Ein erschreckender Fall von Kindesmissbrauch ist am Freitag am Wiener Landesgericht verhandelt worden. Ein 60-Jähriger wurde verurteilt, weil er eine Achtjährige von einer Kinder-Gruppe auf der Donauinsel weggelockt und in einem Gebüsch missbraucht hatte, wobei er den Übergriff mit einer sogenannten Action-Cam filmte.
Er wurde wegen sexuellen Missbrauchs einer Unmündigen und Besitzes von Kindesmissbrauchsdarstellungen zu einer insgesamt vierjährigen Haftstrafe verurteilt. Der Missbrauch hatte sich bereits vor elf Jahren ereignet. Am 15. Juli 2013 suchten Sommercamp-Betreuer mit einer 40-köpfigen Kindergruppe einen beliebten Wasserspielplatz auf der Donauinsel auf.
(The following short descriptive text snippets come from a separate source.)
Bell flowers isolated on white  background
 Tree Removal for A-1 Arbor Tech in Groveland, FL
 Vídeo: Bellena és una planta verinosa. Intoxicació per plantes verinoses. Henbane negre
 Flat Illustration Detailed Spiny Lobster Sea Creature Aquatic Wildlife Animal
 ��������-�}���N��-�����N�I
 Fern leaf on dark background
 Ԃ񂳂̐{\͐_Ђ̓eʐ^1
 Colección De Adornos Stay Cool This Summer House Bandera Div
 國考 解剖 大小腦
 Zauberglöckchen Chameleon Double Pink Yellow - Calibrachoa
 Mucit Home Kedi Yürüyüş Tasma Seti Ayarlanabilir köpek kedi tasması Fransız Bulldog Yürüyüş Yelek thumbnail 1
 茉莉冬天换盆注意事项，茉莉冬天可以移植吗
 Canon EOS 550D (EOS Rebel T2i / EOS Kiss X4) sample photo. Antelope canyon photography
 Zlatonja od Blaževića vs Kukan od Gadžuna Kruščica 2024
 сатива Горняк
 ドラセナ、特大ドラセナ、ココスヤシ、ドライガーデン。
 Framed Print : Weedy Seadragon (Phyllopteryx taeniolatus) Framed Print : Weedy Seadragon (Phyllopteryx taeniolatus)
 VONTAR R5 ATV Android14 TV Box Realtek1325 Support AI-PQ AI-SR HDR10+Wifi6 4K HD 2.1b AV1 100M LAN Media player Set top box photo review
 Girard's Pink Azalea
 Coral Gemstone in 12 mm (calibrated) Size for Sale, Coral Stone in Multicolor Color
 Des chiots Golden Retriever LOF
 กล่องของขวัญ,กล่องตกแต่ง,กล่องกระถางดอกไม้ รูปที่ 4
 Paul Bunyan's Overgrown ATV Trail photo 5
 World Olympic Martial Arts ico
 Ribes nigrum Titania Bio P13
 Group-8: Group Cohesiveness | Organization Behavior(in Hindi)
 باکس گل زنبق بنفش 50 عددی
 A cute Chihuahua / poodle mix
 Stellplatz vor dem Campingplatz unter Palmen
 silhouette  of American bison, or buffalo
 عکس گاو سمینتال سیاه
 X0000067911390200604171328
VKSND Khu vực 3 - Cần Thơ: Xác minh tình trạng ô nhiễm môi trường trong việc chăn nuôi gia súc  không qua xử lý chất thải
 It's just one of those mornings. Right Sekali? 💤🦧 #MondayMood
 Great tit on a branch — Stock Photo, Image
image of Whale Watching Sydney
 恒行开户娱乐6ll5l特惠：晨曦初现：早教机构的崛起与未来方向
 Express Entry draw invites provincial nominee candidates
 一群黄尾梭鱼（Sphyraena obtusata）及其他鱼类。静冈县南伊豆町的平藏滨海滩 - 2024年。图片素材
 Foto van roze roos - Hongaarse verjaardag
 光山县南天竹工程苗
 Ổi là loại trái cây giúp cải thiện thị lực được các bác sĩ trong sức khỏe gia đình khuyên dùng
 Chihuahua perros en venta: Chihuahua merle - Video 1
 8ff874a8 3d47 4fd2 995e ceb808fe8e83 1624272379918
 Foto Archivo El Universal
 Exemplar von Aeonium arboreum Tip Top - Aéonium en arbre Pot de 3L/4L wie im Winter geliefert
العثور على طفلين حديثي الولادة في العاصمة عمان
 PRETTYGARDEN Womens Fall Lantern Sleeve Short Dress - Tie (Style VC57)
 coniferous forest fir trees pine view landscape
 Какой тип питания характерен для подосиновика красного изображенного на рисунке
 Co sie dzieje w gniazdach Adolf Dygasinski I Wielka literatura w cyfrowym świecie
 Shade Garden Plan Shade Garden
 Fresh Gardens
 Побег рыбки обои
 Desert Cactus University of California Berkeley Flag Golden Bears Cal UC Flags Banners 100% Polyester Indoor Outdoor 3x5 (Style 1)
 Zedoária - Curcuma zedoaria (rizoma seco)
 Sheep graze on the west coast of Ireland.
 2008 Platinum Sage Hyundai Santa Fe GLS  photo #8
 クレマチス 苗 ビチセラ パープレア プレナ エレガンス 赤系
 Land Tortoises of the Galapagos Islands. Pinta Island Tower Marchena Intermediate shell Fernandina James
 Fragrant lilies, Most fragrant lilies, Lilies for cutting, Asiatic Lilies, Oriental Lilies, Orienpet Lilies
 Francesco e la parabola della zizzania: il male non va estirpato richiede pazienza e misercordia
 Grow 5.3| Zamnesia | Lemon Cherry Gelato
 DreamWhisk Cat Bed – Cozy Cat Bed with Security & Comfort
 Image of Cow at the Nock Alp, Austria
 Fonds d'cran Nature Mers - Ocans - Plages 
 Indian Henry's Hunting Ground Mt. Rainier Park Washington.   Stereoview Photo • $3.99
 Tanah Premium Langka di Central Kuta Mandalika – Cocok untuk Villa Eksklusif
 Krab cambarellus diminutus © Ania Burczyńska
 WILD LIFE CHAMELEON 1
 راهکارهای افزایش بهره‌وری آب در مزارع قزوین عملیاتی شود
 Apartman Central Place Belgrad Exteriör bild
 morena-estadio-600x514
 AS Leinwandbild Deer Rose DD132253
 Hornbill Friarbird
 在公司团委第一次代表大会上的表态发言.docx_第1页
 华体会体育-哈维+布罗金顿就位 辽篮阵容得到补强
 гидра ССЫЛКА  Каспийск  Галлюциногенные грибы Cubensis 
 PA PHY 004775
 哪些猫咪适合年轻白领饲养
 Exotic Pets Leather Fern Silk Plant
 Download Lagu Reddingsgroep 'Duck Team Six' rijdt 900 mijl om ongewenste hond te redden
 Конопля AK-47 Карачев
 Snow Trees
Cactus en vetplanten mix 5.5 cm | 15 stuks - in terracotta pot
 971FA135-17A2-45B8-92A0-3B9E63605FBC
Vor laufender Kamera missbraucht
Der Angeklagte dürfte sich dort herumgetrieben und gezielt nach potenziellen Opfern Ausschau gehalten haben. Er sprach schließlich eine Achtjährige an und fragte diese, ob sie schon die kleinen Enten gesehen habe. Als das Mädchen verneinte, lockte er sie von der Gruppe weg in ein Gebüsch. Dort zog er ihr den Badeanzug aus, filmte den entblößten Körper und nahm bei laufender Kamera Missbrauchshandlungen vor.
„Hat um Hilfe geschrien“
„Sie hat zu weinen begonnen und um Hilfe geschrien. Da hat er ihr mit Klebeband den Mund zugeklebt“, berichtete die Staatsanwältin einem Schöffensenat (Vorsitz: Andreas Böhm). Erst nachdem er die Kamera ausgeschaltet hatte, entfernte der Mann den Knebel und ließ das Mädchen gehen, die zum Betreuer-Team lief und vom soeben Geschehenen berichtete. Trotz einer sofort eingeleiteten Fahndung gelang dem Täter die Flucht.
Sie hat zu weinen begonnen und um Hilfe geschrien. Da hat er ihr mit Klebeband den Mund zugeklebt.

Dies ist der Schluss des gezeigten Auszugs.